Available data START

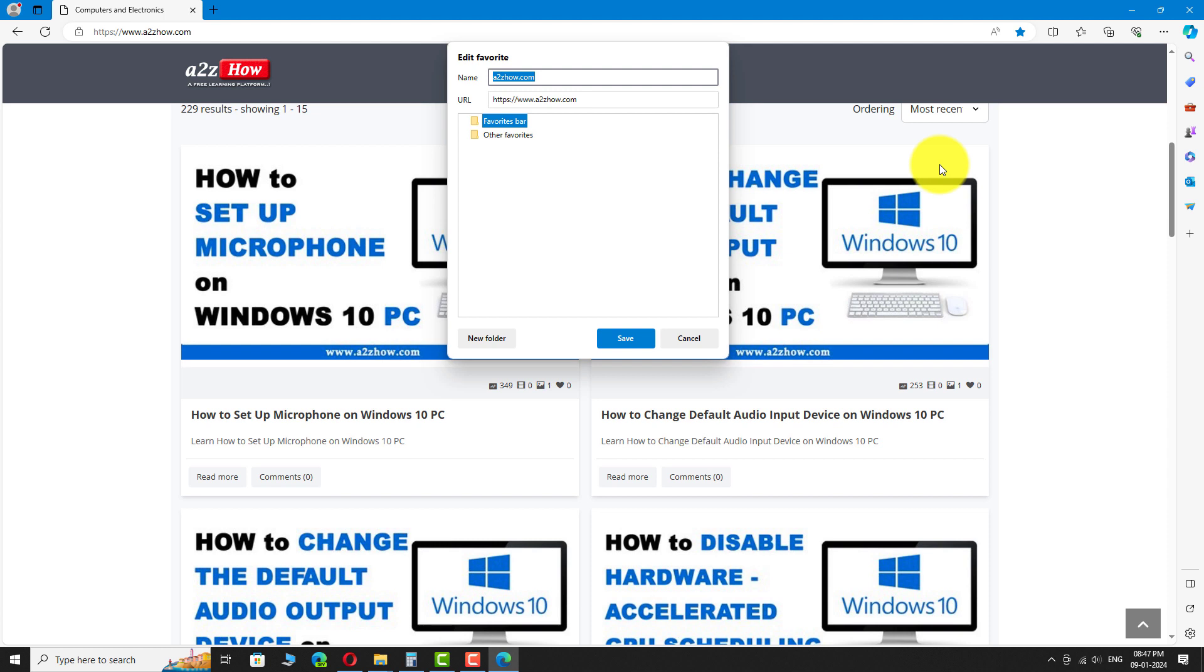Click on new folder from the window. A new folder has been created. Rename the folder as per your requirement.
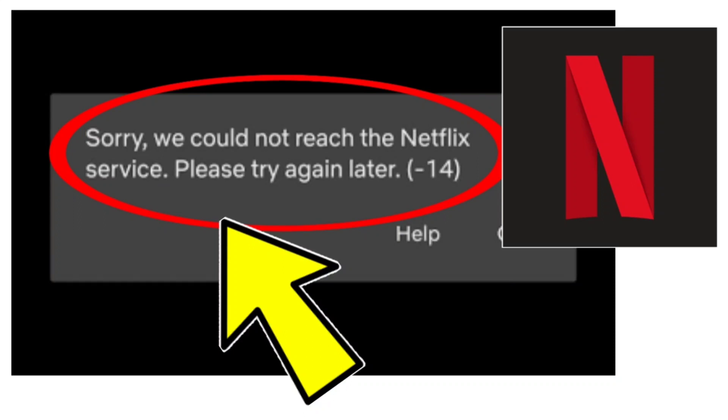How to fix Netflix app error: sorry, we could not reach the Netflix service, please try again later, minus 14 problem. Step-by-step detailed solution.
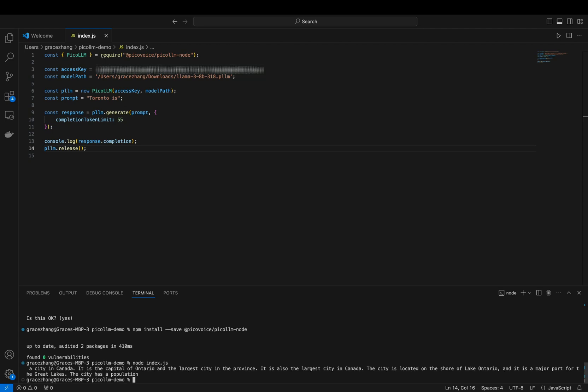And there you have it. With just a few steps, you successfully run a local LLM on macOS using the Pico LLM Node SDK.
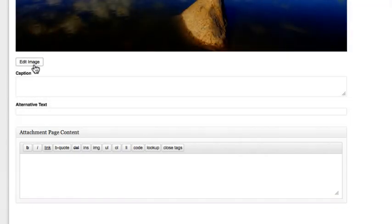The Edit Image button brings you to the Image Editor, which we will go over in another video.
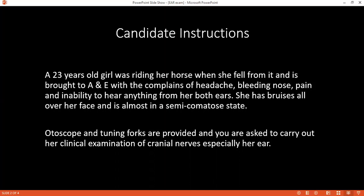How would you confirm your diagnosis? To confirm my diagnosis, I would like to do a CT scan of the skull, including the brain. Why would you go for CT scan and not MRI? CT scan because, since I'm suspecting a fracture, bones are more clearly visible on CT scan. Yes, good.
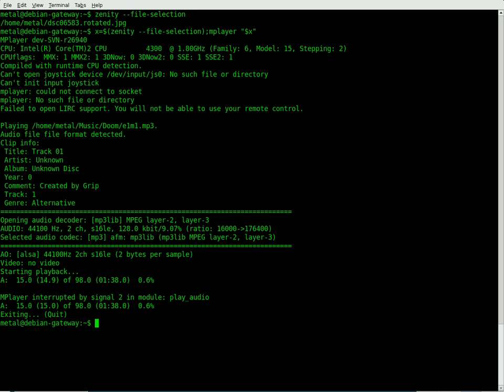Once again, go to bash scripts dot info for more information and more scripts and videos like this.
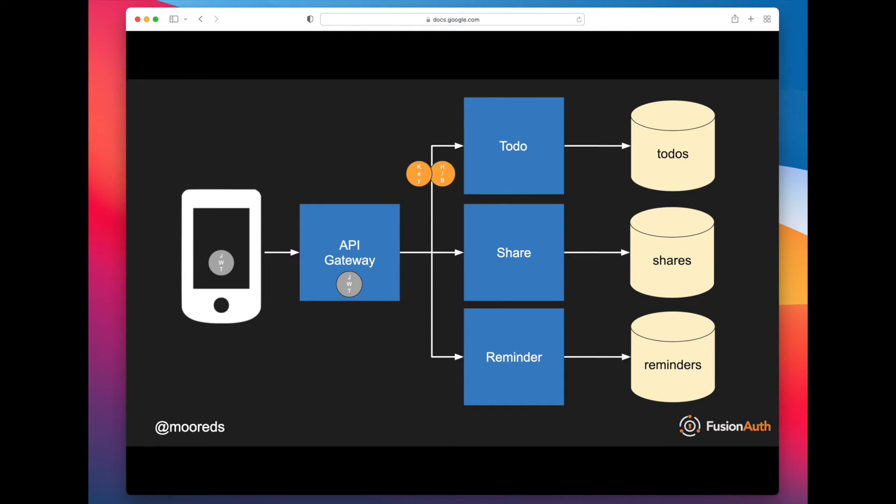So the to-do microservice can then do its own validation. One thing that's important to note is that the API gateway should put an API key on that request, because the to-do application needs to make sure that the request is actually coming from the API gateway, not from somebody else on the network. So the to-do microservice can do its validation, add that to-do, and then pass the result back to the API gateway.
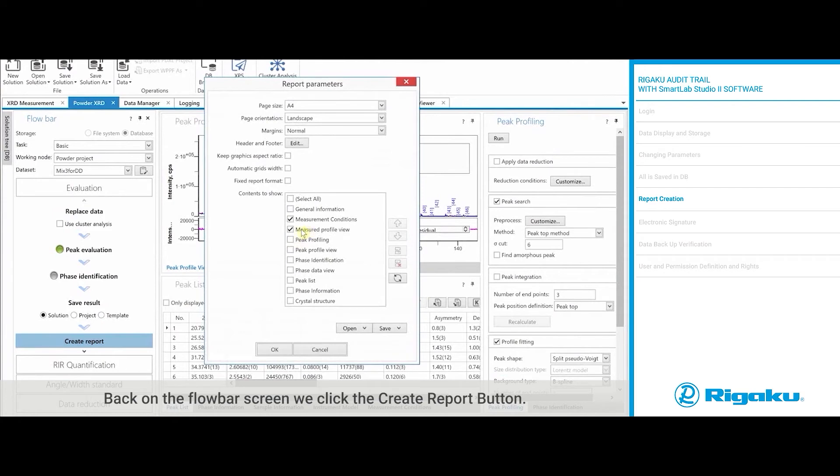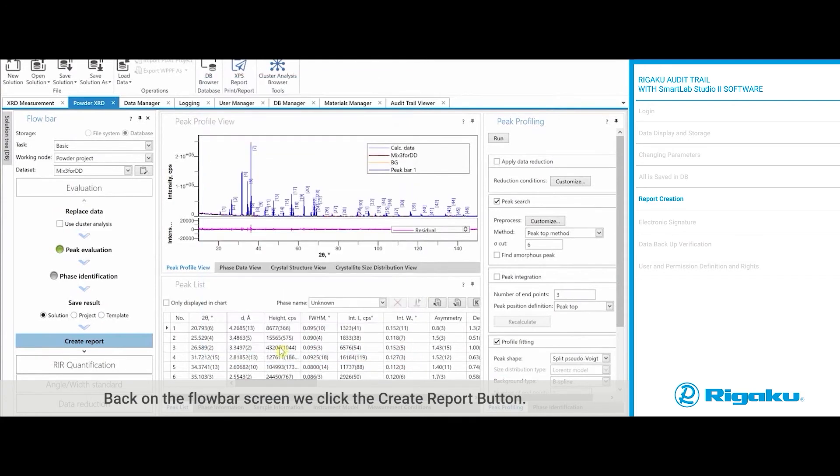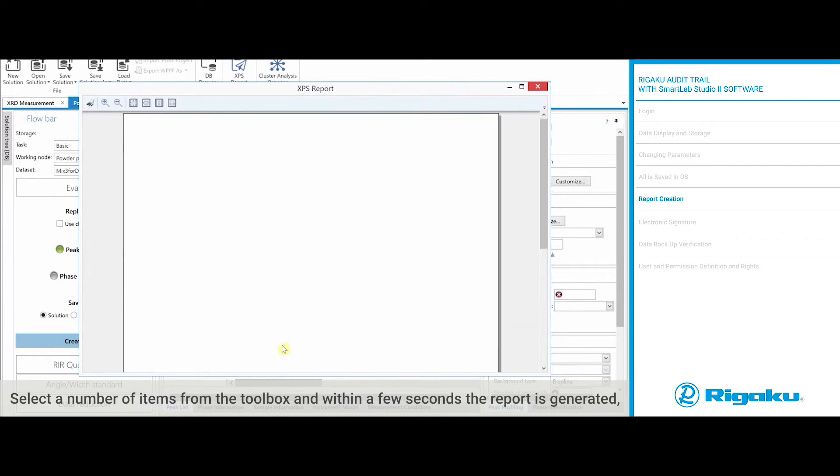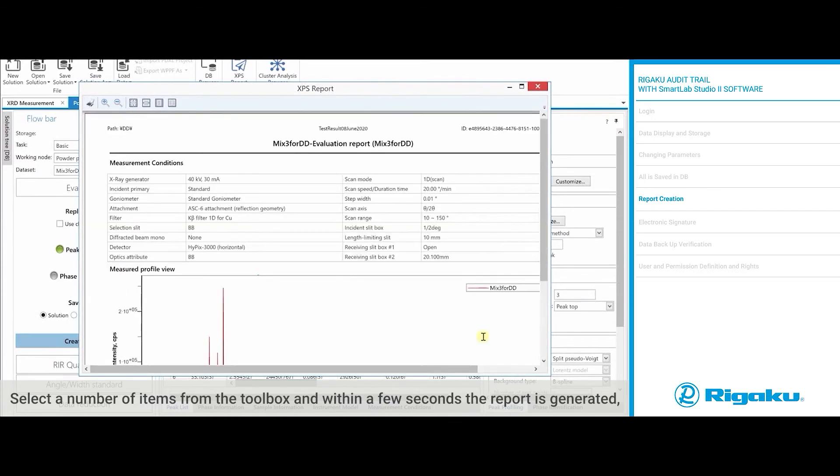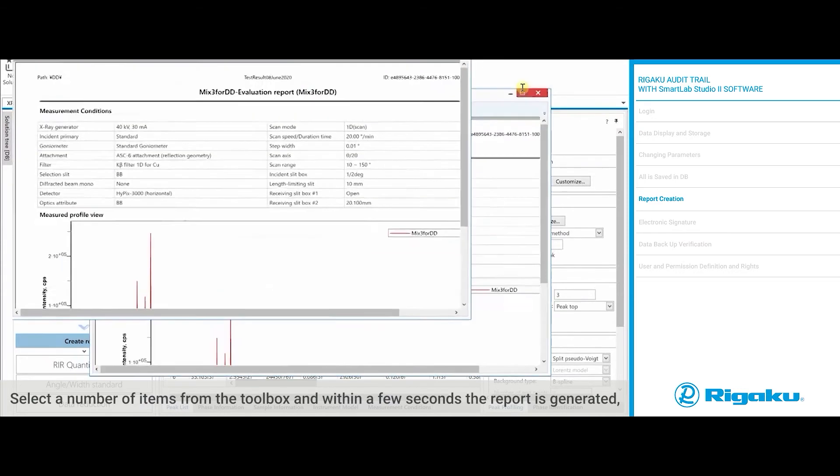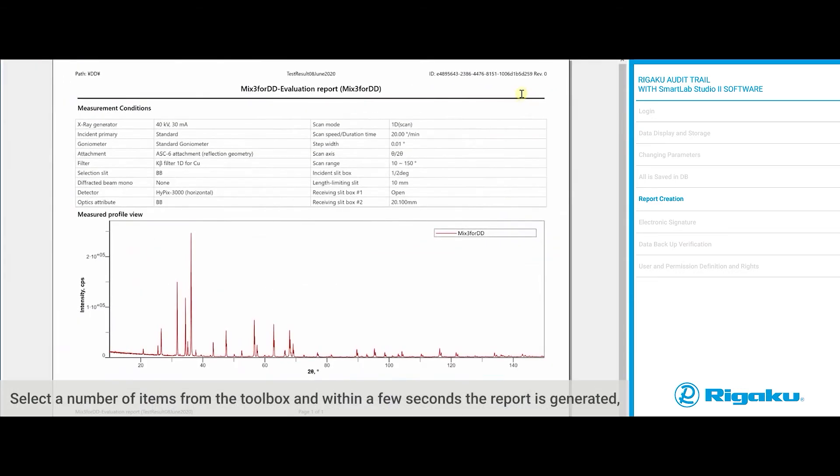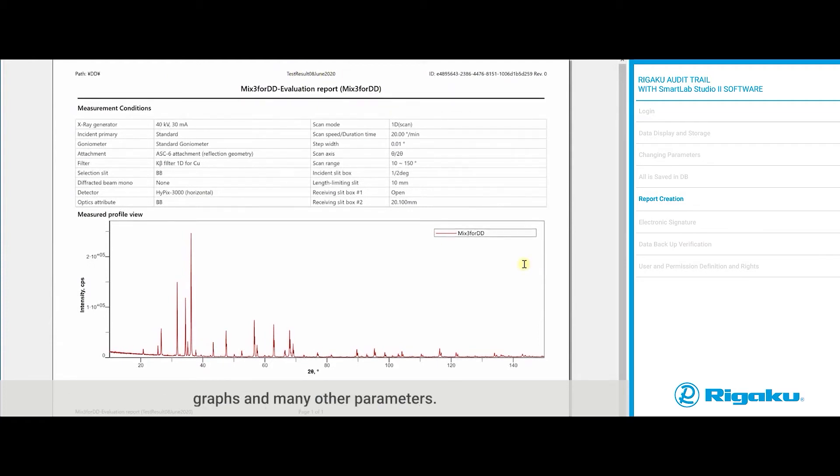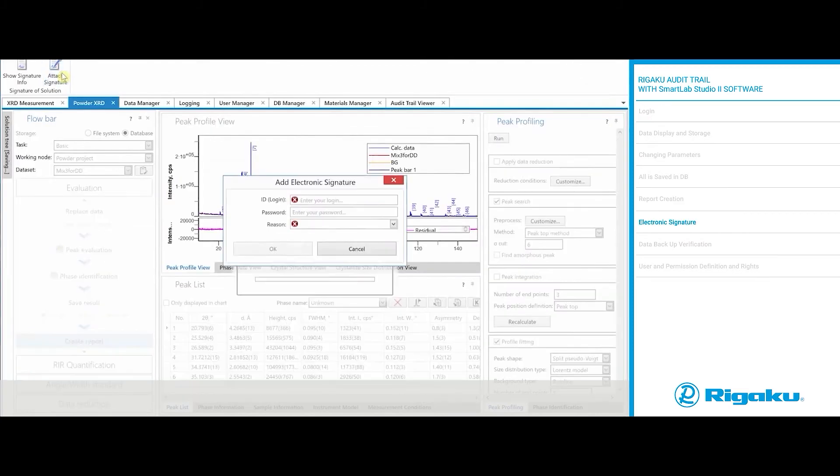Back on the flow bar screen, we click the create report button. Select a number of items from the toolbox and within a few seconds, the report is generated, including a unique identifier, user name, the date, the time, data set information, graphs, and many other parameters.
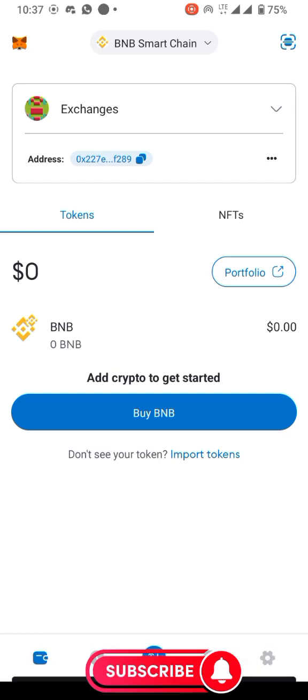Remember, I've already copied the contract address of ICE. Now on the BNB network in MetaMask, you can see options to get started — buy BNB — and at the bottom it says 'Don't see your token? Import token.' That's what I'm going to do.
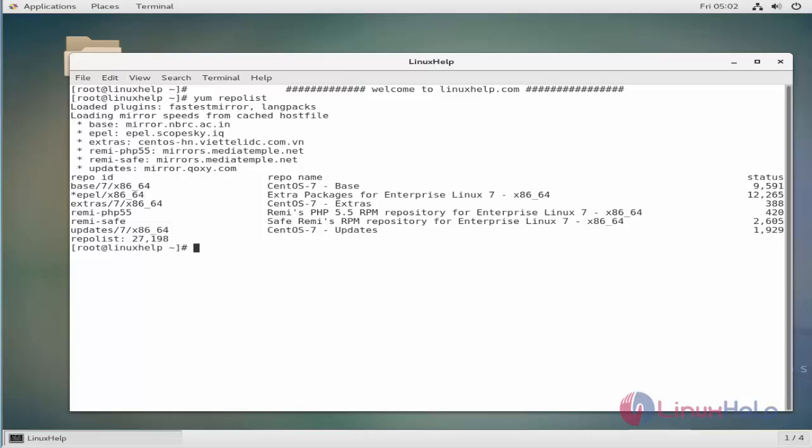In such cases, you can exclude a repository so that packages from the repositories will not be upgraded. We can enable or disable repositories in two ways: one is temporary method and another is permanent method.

Available data END

■ **Required action**: Using the data above, output the line that has "The Edit Image", the line that has "How would you", and whatever lines fall between, each exactly as it stands and without pictures.

■ **Solution to the exercise**:
The Edit Image button brings you to the Image Editor, which we will go over in another video.
How would you confirm your diagnosis? To confirm my diagnosis, I would like to do a CT scan of the skull, including the brain. Why would you go for CT scan and not MRI? CT scan because, since I'm suspecting a fracture, bones are more clearly visible on CT scan. Yes, good.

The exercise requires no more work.